[Source material]
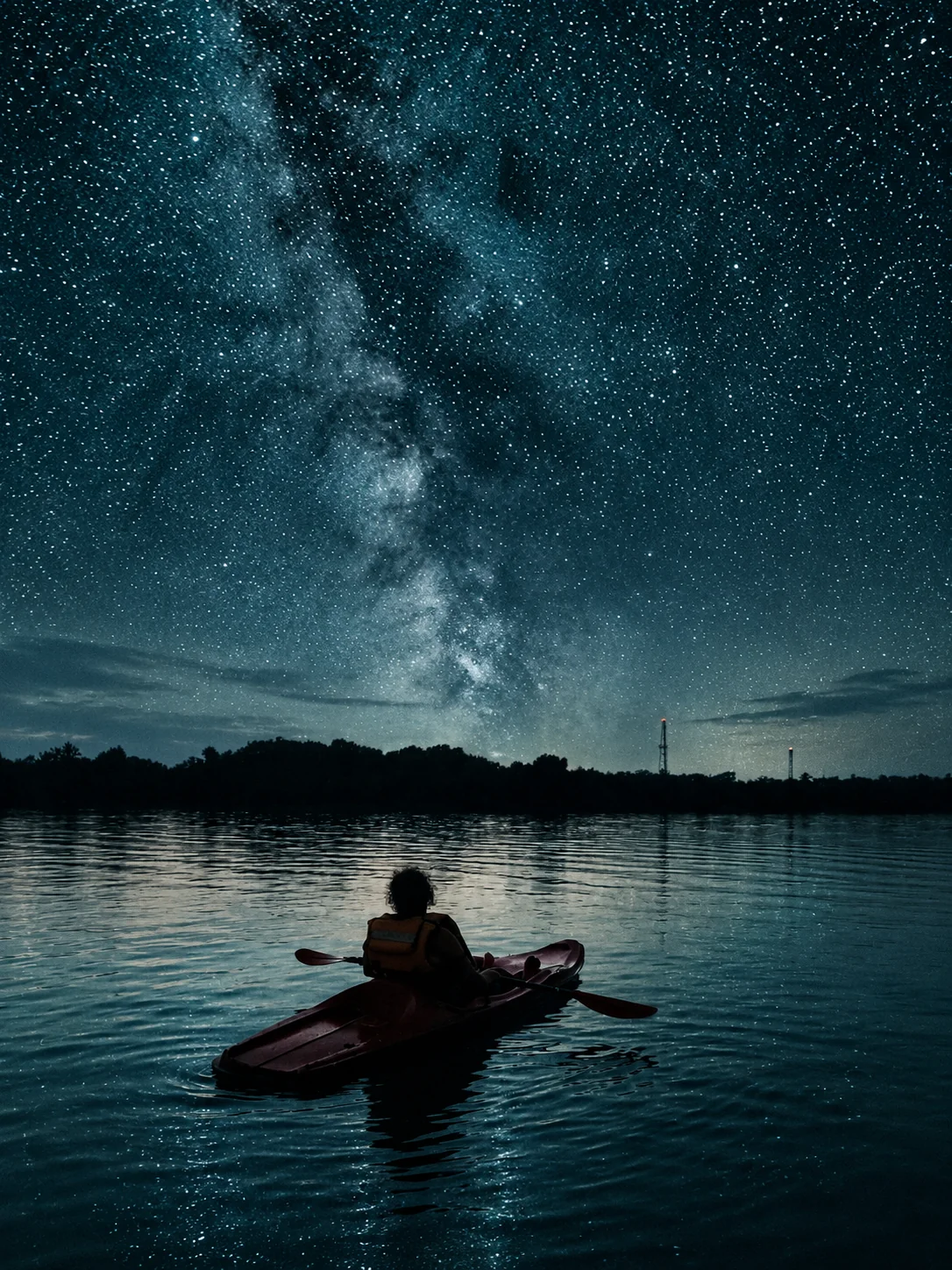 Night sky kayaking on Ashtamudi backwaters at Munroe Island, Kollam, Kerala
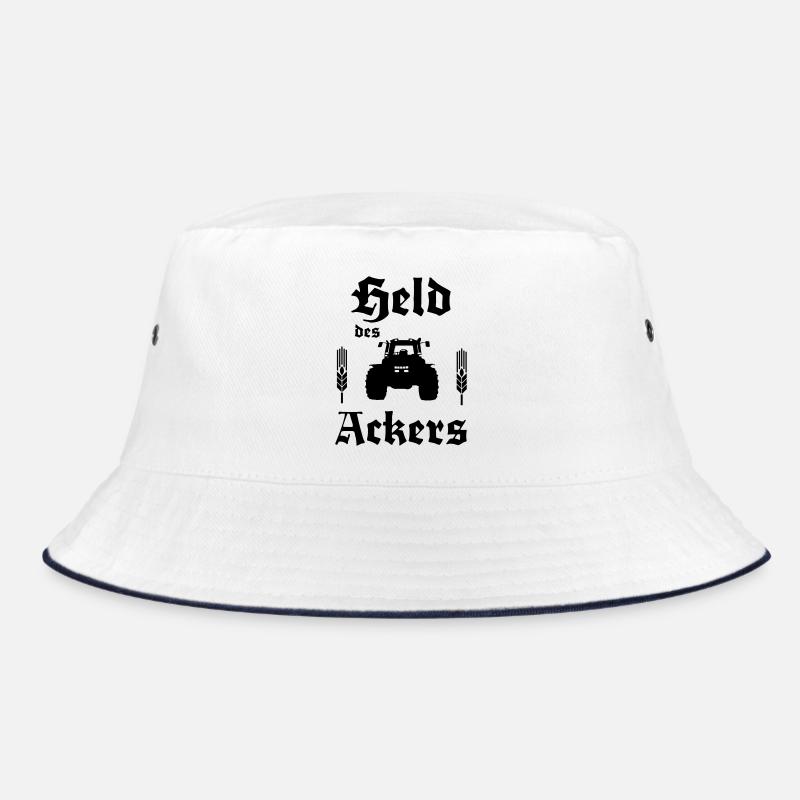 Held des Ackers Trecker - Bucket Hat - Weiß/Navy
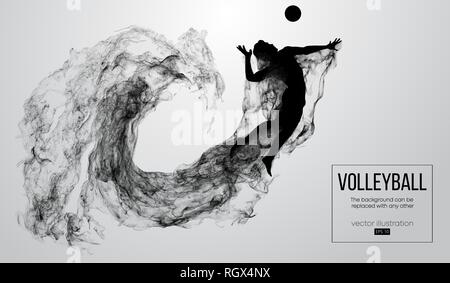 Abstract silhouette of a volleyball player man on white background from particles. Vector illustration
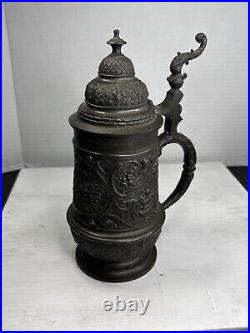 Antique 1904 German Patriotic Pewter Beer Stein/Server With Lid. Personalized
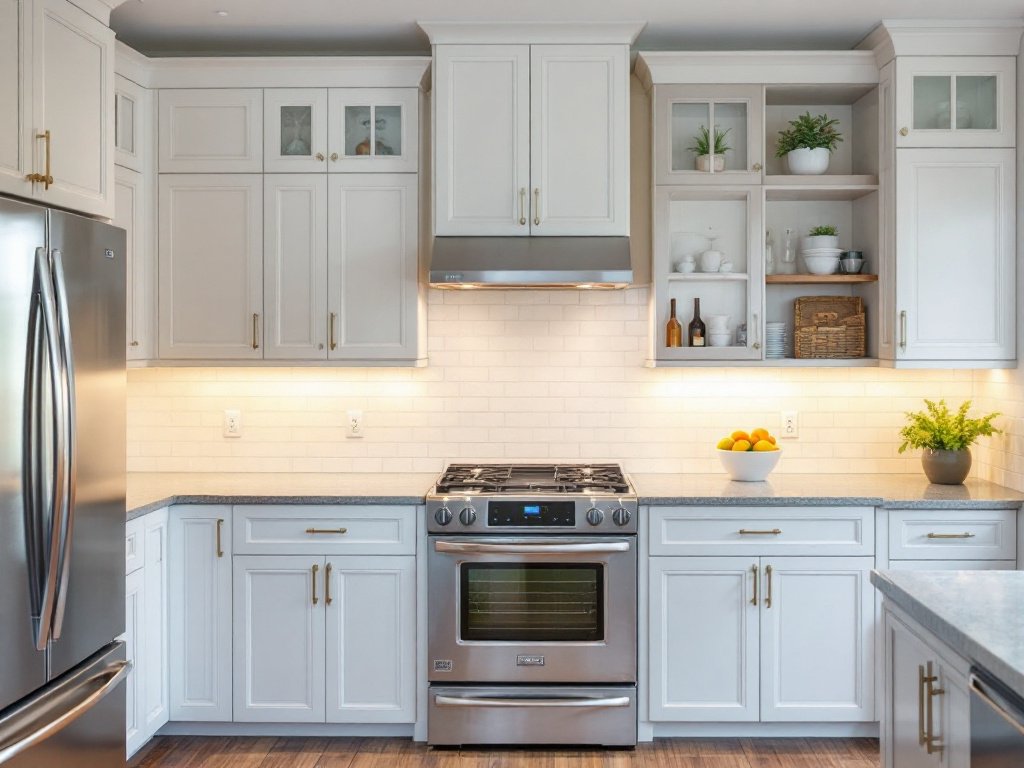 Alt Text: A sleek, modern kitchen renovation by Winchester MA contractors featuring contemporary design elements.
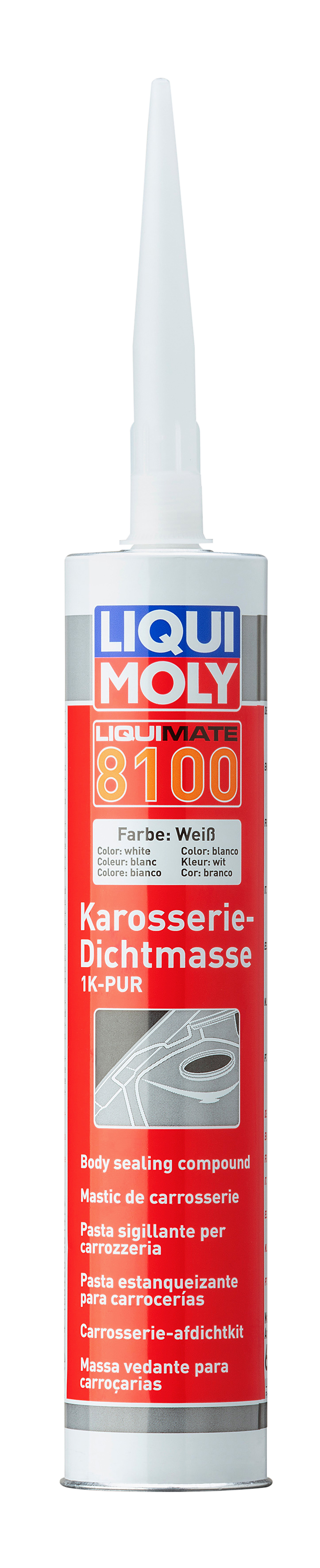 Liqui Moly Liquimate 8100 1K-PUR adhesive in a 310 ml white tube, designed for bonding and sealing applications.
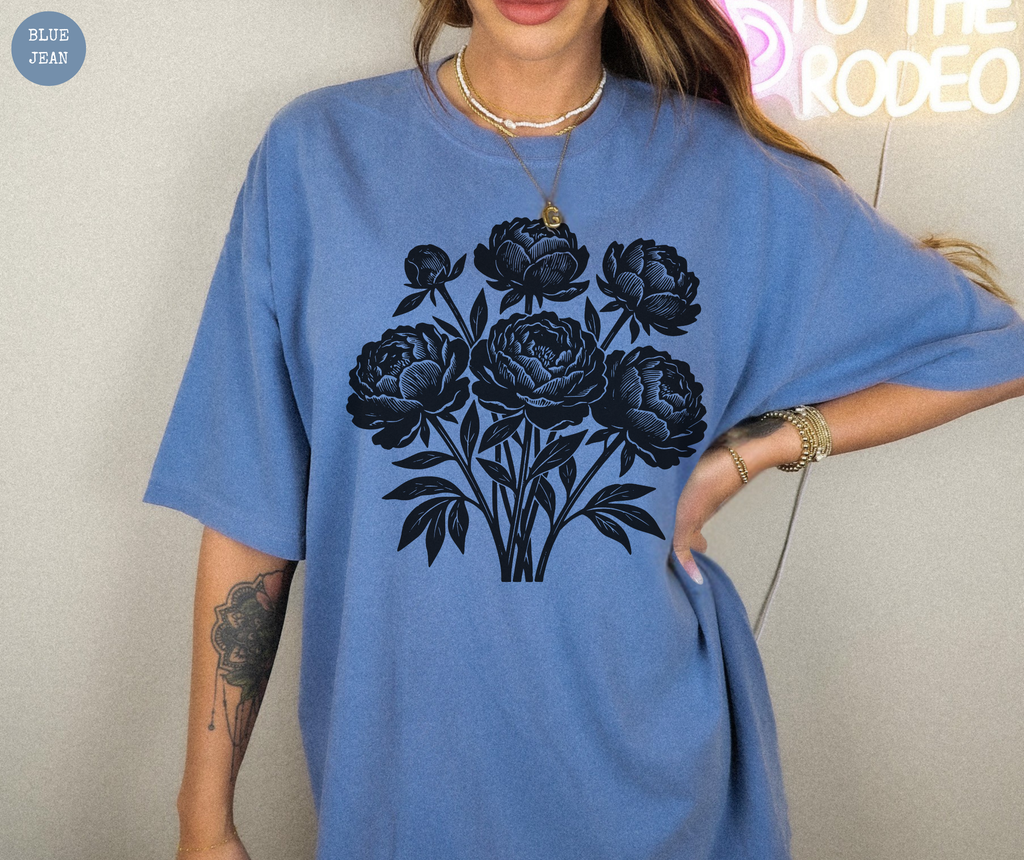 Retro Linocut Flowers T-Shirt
[/Source material]
#### [Your objective]
Output the entries exactly as they appear, with no pictures included.

#### [Output]
 Night sky kayaking on Ashtamudi backwaters at Munroe Island, Kollam, Kerala
 Held des Ackers Trecker - Bucket Hat - Weiß/Navy
 Abstract silhouette of a volleyball player man on white background from particles. Vector illustration
 Antique 1904 German Patriotic Pewter Beer Stein/Server With Lid. Personalized
 Alt Text: A sleek, modern kitchen renovation by Winchester MA contractors featuring contemporary design elements.
 Liqui Moly Liquimate 8100 1K-PUR adhesive in a 310 ml white tube, designed for bonding and sealing applications.
 Retro Linocut Flowers T-Shirt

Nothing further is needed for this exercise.